Your number is transferred to a call center, sometimes in the U.S. and sometimes abroad. Employees of that call center call you to sell a product or service. When you buy that product or service, the company uses a large portion of that money to buy even more leads from the robocaller. The cycle continues.

With robocalls: automation equals profits

Robocalling is extremely profitable for both legitimate businesses and scammers. A couple hundred dollars pays for millions of spam calls. If only 1 out of every 10,000 calls turns into a qualified lead, and each lead sells for $7, an hour of robocalls results in $1,750 in revenue.

The system is difficult to regulate so robocalling is very low risk as well. Legitimate businesses, such as pharmacies, use robocalling to relay personal information. Carriers thrive on moving calls around, not regulating them. Should they attempt to block a robocall and it happens to be a pharmacy reaching out to a patient, it could result in a lawsuit.

How to stop robocalling

While the ability to stop robocalls completely is still a ways off, CenturyLink provides features and products to stop robocalling from invading your privacy.

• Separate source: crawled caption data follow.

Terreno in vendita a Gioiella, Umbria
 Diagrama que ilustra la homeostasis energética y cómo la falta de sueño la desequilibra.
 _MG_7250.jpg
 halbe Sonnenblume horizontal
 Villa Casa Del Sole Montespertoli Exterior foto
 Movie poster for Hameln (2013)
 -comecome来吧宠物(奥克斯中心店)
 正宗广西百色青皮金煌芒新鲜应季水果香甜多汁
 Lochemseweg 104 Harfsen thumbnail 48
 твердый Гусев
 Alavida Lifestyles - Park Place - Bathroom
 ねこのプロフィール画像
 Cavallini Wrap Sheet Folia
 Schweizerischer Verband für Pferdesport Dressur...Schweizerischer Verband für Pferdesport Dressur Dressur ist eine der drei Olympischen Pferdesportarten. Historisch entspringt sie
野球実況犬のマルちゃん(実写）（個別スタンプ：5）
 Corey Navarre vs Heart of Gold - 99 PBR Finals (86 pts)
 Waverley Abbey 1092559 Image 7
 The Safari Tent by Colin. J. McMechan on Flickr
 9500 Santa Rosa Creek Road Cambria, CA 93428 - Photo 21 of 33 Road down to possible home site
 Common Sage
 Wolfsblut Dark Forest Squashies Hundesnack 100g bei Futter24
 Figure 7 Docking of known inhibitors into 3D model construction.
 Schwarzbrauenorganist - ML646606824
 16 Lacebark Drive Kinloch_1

  • Anonymous Call Rejection – Stop unwanted calls from private numbers
  • Call Rejection – Block specific phone numbers
  • Do Not Disturb features – Block all incoming calls from 10p.m. to 6a.m.
  • CPR V5000 Call Blocker – Use a tool to block pre-programmed and new spam calls

Finally, you can always customize your listing in the National Call Directory. This is a great way to remove sensitive information you want to keep private from spam callers.

CenturyLink will never call a customer or email a customer asking for financial information, account login information, password, or social security number. CenturyLink will never ask you to download software or ask you to pay your bill via wire transfer or by online gift cards. If you suspect you may be the victim of a scam, hang up and call back official CenturyLink representatives to verify the call.